Noticing by Jo Riggall

Prose feature

WALKING + LISTENING

We’re ghosts aren’t we. Not really here. Caught between worlds that we distil in our minds, muffled by the headphones we wear. What’re you listening to? The morning news in clipped, serious voices, or a song, sound-tracking your morning commute?

Let’s talk about that commute. Imagine your life spread out on a map, GPS logging your movements to translate them into digital lines. Those lines connecting two points, back and forth back and forth into a culmination of linear travel over the years, with few deviations into the edge lands.

Maybe there’s another way. A different path that we could take. One which meanders and stumbles and takes you to secret clearings in the woods. Let your curiosity wander around the corner and lead you into the long grass.

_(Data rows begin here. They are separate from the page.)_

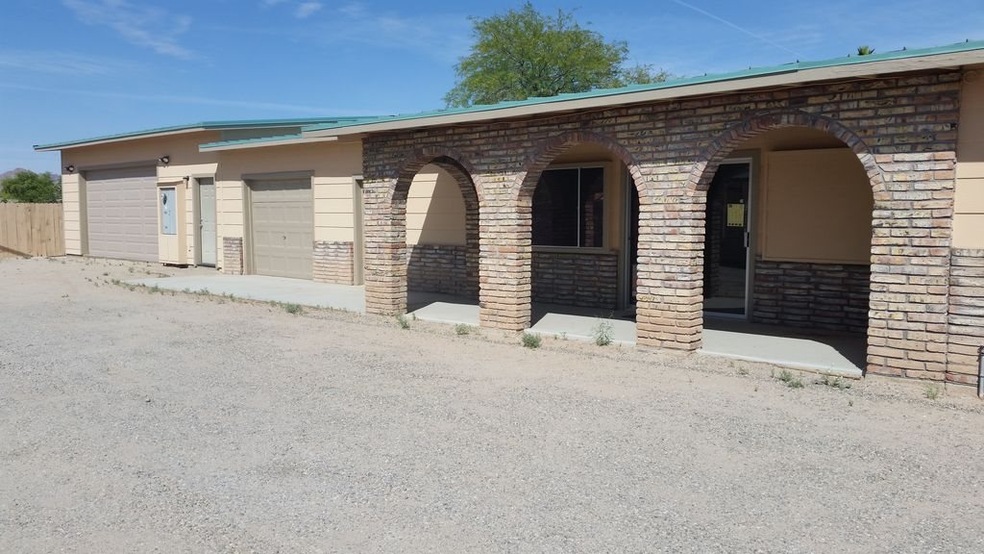 12706 E 44th St, Yuma, AZ 85367 - photo 1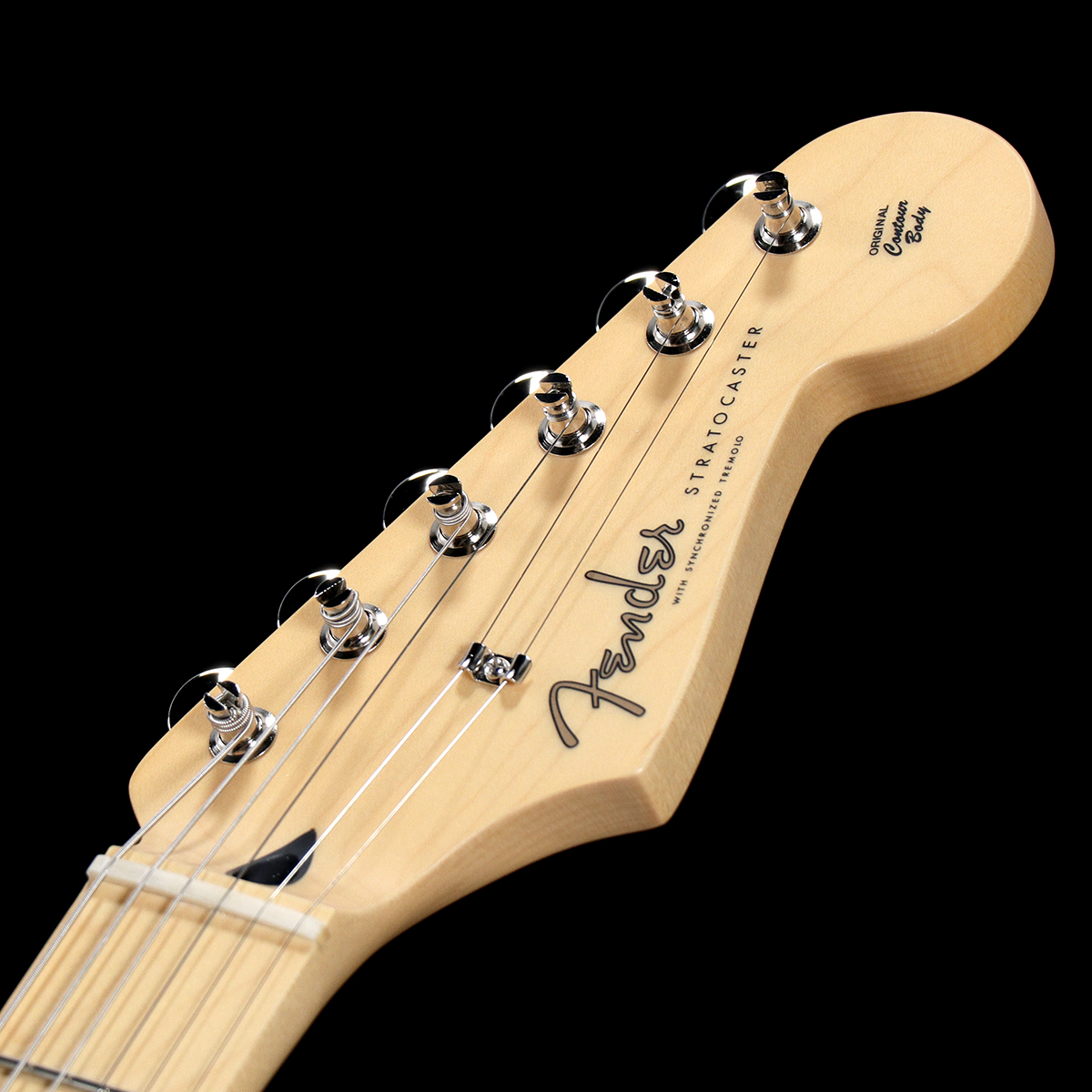 Fender / Made in Japan Junior Collection Stratocaster Satin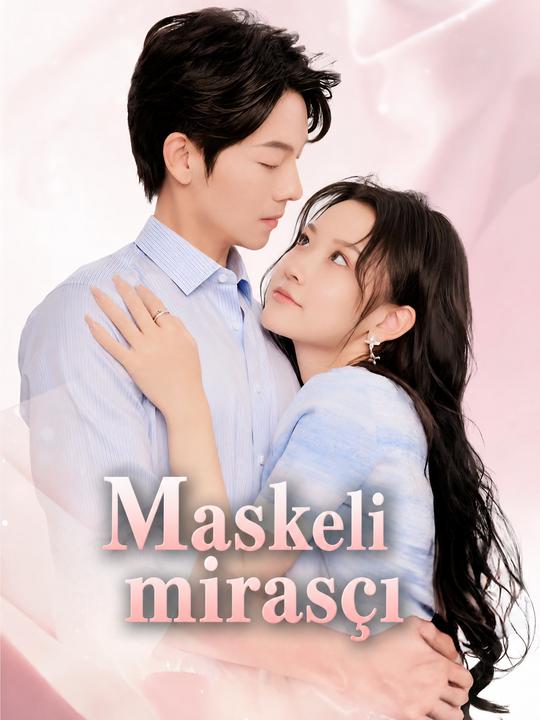 Maskeli mirasçı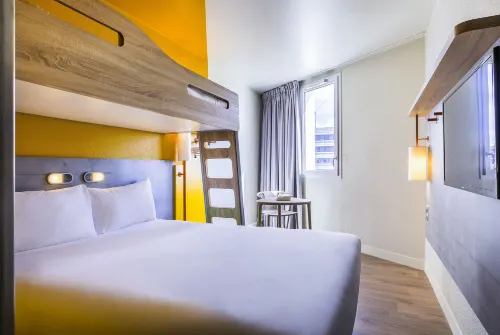 Hôtel ibis budget Fontainebleau Avon Photos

There’s adventures to be had if only you listen out for its whispers on the wind. Not only with your ears. Listening is sensing the change in temperature on your skin before a summer storm. The trickle of saliva at the smell of 11pm chip shop grease. It’s overhearing someone the phone say they’re ‘sorry for your loss’, or asking ‘what’s for dinner. Spider webs catching the light. A still smoking cigarette. A fox’s scream.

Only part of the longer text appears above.